**INSTRUCTIONS FOR THE TASK**
Only one span is wanted from the lines below: from the one with "Cadiz Spain September" up to and including the one with "Thumbnail: 2026 Jeep Grand Cherokee - 24". Copy it exactly, without images.

**DATASET**
================================

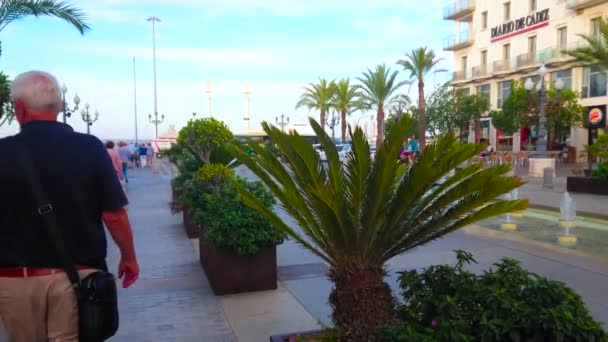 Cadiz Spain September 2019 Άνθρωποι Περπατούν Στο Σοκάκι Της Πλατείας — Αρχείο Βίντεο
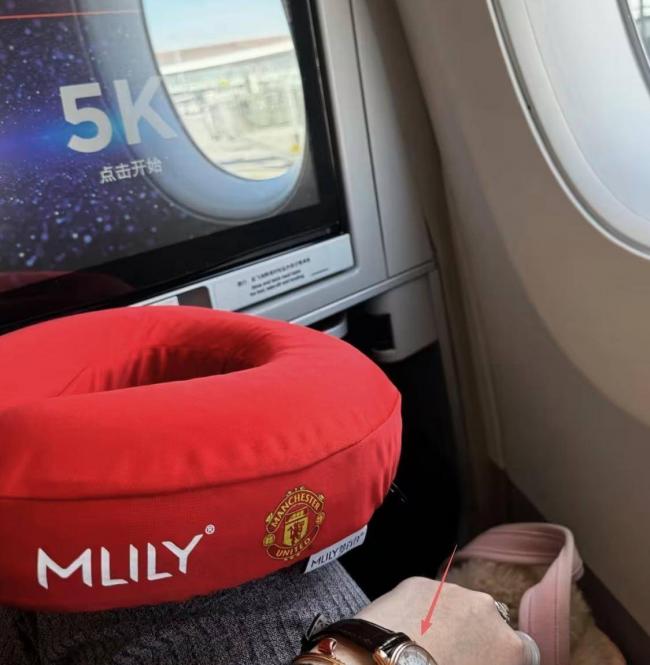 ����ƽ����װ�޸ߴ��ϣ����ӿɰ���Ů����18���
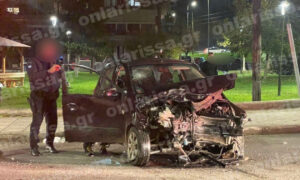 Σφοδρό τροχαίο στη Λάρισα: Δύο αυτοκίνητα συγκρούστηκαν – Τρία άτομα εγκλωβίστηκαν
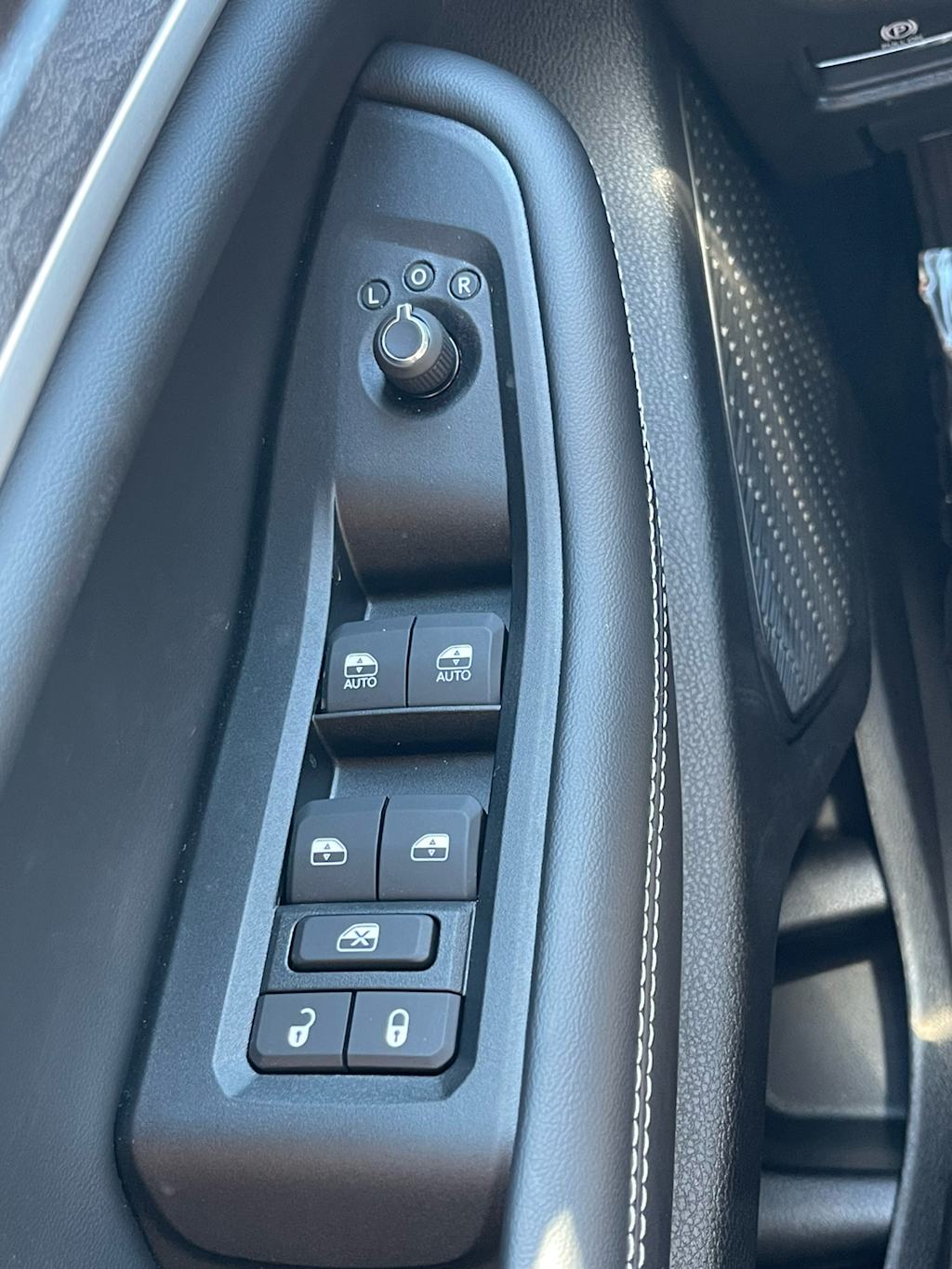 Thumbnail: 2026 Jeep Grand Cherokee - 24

================================

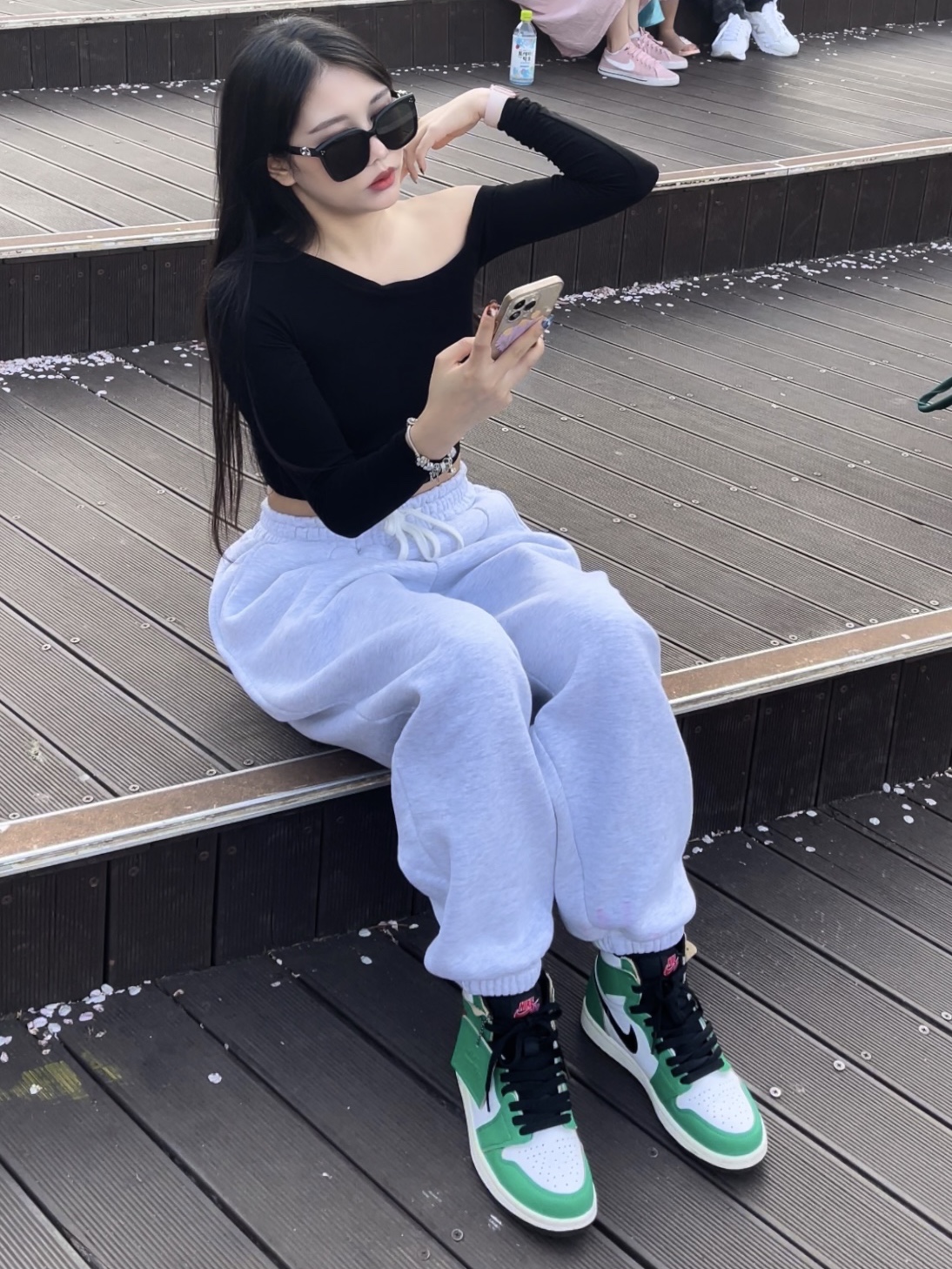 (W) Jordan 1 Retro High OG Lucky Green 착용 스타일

================================

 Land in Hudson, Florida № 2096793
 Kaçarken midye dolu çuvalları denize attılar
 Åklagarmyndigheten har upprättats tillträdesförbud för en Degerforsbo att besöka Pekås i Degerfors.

================================

**SOLUTION FOR THIS EXERCISE**
 Cadiz Spain September 2019 Άνθρωποι Περπατούν Στο Σοκάκι Της Πλατείας — Αρχείο Βίντεο
 ����ƽ����װ�޸ߴ��ϣ����ӿɰ���Ů����18���
 Σφοδρό τροχαίο στη Λάρισα: Δύο αυτοκίνητα συγκρούστηκαν – Τρία άτομα εγκλωβίστηκαν
 Thumbnail: 2026 Jeep Grand Cherokee - 24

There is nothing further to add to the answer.